Ocena ogólna skutków rozporządzenia dla konsumentów i operatorów
Ministerstwo Cyfryzacji było i jest aktywnie zaangażowane w kształtowanie regulacji na poziomie europejskim. Sprawy cyfrowe są również istotne dla całego polskiego rządu, czego wyrazem jest m.in. powołanie przez panią Premier w marcu tego roku Pełnomocnika Rządu ds. Jednolitego Rynku Cyfrowego. Stanowisko to łączy wysiłki kilku ministerstw, które w różnym stopniu pracują nad elementami polityki cyfrowej.
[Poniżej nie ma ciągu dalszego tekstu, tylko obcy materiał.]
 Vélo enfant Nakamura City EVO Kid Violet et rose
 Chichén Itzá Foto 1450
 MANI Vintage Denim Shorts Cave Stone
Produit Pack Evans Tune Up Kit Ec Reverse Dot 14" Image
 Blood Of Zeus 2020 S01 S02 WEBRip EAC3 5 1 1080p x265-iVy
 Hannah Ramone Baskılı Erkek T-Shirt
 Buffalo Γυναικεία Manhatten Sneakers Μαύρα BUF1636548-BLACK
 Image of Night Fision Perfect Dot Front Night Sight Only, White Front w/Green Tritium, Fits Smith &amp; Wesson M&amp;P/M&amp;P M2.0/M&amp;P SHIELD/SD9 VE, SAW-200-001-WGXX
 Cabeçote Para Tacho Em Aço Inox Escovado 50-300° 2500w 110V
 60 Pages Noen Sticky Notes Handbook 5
Regulacje roamingowe są dla nas niezwykle istotne, ponieważ mają – szczególnie mi bliski – silny wymiar konsumencki i nastawione są na wypracowanie konkretnych korzyści ze wspólnego rynku UE. Zarówno praca na poziomie europejskim, jak i krajowym w kwestiach roamingowych nie należała do łatwych.
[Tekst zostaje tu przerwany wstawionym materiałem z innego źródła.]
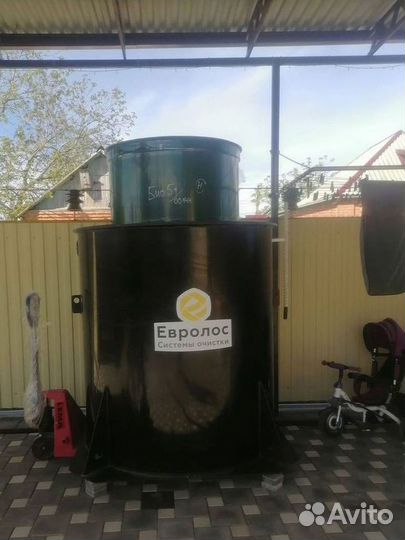 Септик без откачки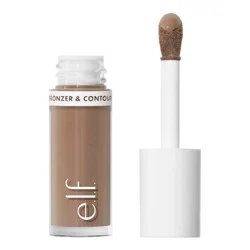 e.l.f. Camo Liquid Bronzer & Contour - 1 Fair - 0.13 fl oz: Paraben-Free, Vegan, Buildable Coverage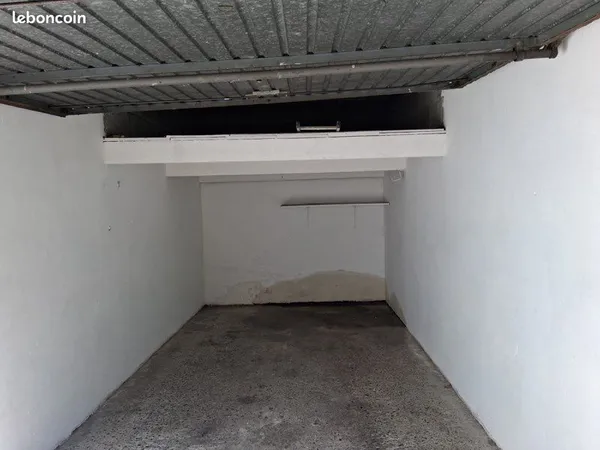 à louer - garage à saint-martin-d'hères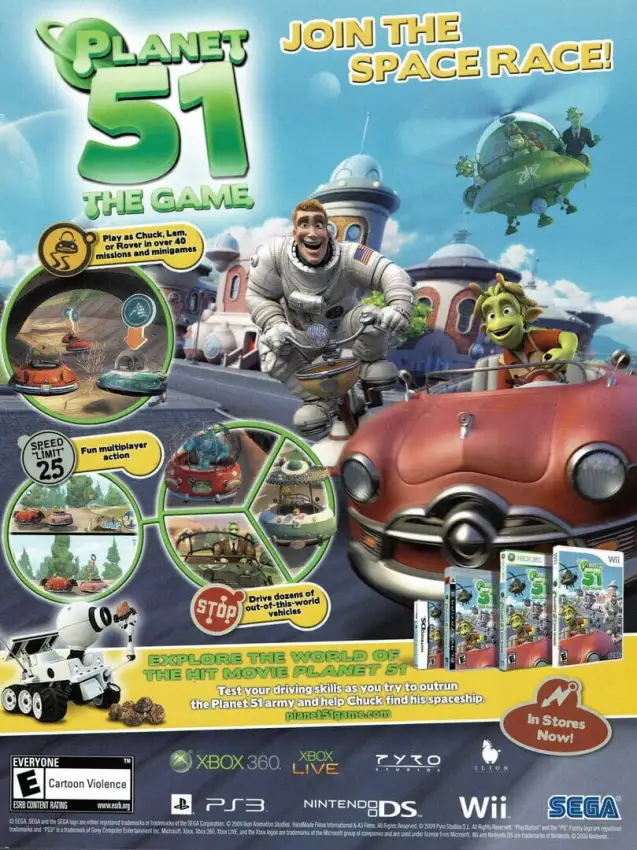 Planet 51: The Game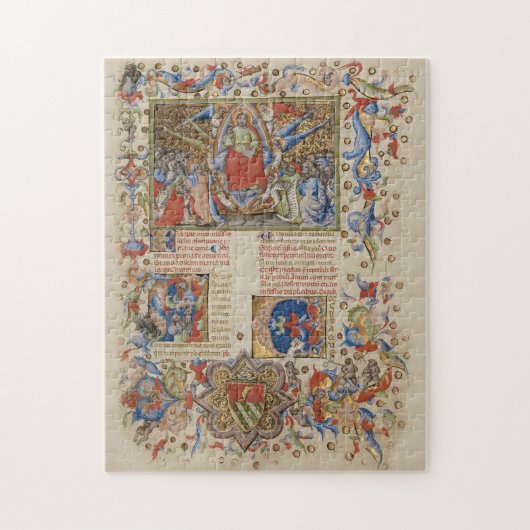 Kanton Heaven manuscript Legpuzzel (Verticaal)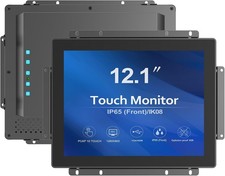 GreenTouch 12.1 Inch 1000 Nits Readable Multi Touch Open Touch Screen Monitor picture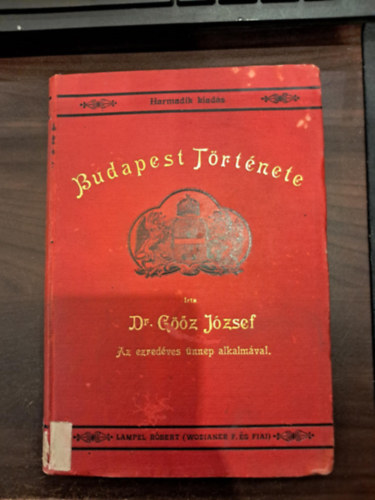 Dr. Gz Jzsef - Budapest trtnete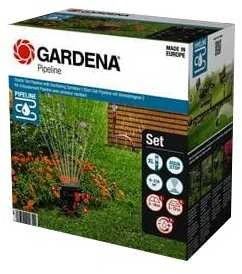Gardena Pradinis vamzdyno rinkinys su svyruojančiu purkštuvu
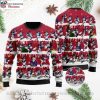 NFL Cup Super Bowl Champions New York Giants Christmas Sweater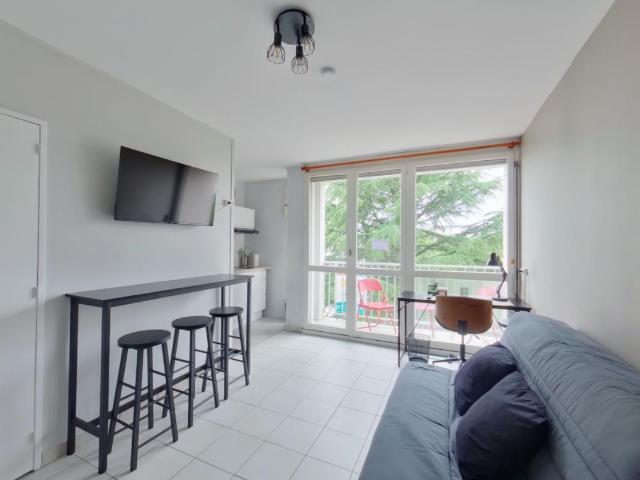Location Appartement 1 pièce Meublé 20m² TOURS 37200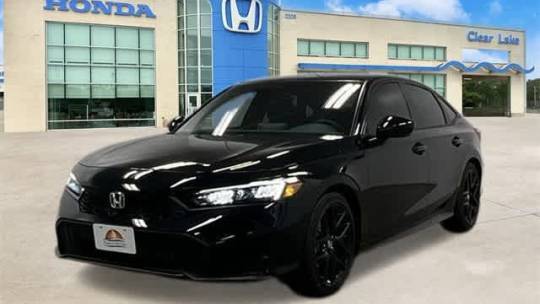 2025 Honda Civic Sport — Sedan — 2,206 mi — League City, TX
Odnosząc się do zawartych w Pani liście opinii, pragnę przypomnieć, że Polacy, w porównaniu do obywateli innych państw Unii Europejskiej, płacą za połączenia jedne z najniższych stawek. Jest to w dużej mierze zasługa konkurencji na rynku, o którą walczyłam m.in. jako prezes Urzędu Komunikacji Elektronicznej (UKE) i Minister Cyfryzacji. Moim priorytetem jest utrzymać ten stan rzeczy, ponieważ niskie koszty są kluczem do dalszego dynamicznego rozwoju cyfrowej gospodarki w Polsce i korzyścią, którą każdy Polak realnie odczuwa w swoim portfelu.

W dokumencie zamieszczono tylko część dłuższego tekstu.